---- Input data

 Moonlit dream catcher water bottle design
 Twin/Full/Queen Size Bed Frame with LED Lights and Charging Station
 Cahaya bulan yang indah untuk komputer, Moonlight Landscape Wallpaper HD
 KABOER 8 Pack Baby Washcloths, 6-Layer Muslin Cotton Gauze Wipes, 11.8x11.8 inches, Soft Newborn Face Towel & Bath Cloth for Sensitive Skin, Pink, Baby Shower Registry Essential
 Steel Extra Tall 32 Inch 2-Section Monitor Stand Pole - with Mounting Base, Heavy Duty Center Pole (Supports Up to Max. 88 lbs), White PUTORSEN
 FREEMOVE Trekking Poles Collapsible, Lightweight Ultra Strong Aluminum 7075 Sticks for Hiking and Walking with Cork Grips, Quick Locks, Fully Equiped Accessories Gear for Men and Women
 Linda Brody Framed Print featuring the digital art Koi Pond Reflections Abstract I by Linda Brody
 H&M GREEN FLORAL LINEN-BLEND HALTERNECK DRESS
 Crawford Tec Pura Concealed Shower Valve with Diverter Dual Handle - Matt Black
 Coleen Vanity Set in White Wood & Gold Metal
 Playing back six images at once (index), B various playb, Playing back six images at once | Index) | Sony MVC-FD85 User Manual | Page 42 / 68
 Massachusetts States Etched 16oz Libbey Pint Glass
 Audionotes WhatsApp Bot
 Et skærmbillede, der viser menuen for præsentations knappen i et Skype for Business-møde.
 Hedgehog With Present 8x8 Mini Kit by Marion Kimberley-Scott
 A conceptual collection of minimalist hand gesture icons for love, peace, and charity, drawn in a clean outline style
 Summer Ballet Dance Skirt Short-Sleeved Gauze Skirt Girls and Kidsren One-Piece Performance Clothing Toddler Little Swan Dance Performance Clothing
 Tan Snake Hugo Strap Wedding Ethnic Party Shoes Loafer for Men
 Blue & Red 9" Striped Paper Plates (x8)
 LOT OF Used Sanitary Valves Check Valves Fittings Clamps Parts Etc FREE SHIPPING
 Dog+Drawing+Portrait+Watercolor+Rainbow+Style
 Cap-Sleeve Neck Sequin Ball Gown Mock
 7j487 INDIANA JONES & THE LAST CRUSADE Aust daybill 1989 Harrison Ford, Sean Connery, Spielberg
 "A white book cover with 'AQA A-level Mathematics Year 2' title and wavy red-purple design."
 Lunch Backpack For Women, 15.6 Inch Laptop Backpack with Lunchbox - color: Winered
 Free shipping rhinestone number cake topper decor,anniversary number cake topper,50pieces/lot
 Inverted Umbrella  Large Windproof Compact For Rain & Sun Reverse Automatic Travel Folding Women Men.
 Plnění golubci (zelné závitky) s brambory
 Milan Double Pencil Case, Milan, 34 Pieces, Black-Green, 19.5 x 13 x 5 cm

--------

> **Work task**:
All entries above need to be copied verbatim.

> **Result of this task**:
 Moonlit dream catcher water bottle design
 Twin/Full/Queen Size Bed Frame with LED Lights and Charging Station
 Cahaya bulan yang indah untuk komputer, Moonlight Landscape Wallpaper HD
 KABOER 8 Pack Baby Washcloths, 6-Layer Muslin Cotton Gauze Wipes, 11.8x11.8 inches, Soft Newborn Face Towel & Bath Cloth for Sensitive Skin, Pink, Baby Shower Registry Essential
 Steel Extra Tall 32 Inch 2-Section Monitor Stand Pole - with Mounting Base, Heavy Duty Center Pole (Supports Up to Max. 88 lbs), White PUTORSEN
 FREEMOVE Trekking Poles Collapsible, Lightweight Ultra Strong Aluminum 7075 Sticks for Hiking and Walking with Cork Grips, Quick Locks, Fully Equiped Accessories Gear for Men and Women
 Linda Brody Framed Print featuring the digital art Koi Pond Reflections Abstract I by Linda Brody
 H&M GREEN FLORAL LINEN-BLEND HALTERNECK DRESS
 Crawford Tec Pura Concealed Shower Valve with Diverter Dual Handle - Matt Black
 Coleen Vanity Set in White Wood & Gold Metal
 Playing back six images at once (index), B various playb, Playing back six images at once | Index) | Sony MVC-FD85 User Manual | Page 42 / 68
 Massachusetts States Etched 16oz Libbey Pint Glass
 Audionotes WhatsApp Bot
 Et skærmbillede, der viser menuen for præsentations knappen i et Skype for Business-møde.
 Hedgehog With Present 8x8 Mini Kit by Marion Kimberley-Scott
 A conceptual collection of minimalist hand gesture icons for love, peace, and charity, drawn in a clean outline style
 Summer Ballet Dance Skirt Short-Sleeved Gauze Skirt Girls and Kidsren One-Piece Performance Clothing Toddler Little Swan Dance Performance Clothing
 Tan Snake Hugo Strap Wedding Ethnic Party Shoes Loafer for Men
 Blue & Red 9" Striped Paper Plates (x8)
 LOT OF Used Sanitary Valves Check Valves Fittings Clamps Parts Etc FREE SHIPPING
 Dog+Drawing+Portrait+Watercolor+Rainbow+Style
 Cap-Sleeve Neck Sequin Ball Gown Mock
 7j487 INDIANA JONES & THE LAST CRUSADE Aust daybill 1989 Harrison Ford, Sean Connery, Spielberg
 "A white book cover with 'AQA A-level Mathematics Year 2' title and wavy red-purple design."
 Lunch Backpack For Women, 15.6 Inch Laptop Backpack with Lunchbox - color: Winered
 Free shipping rhinestone number cake topper decor,anniversary number cake topper,50pieces/lot
 Inverted Umbrella  Large Windproof Compact For Rain & Sun Reverse Automatic Travel Folding Women Men.
 Plnění golubci (zelné závitky) s brambory
 Milan Double Pencil Case, Milan, 34 Pieces, Black-Green, 19.5 x 13 x 5 cm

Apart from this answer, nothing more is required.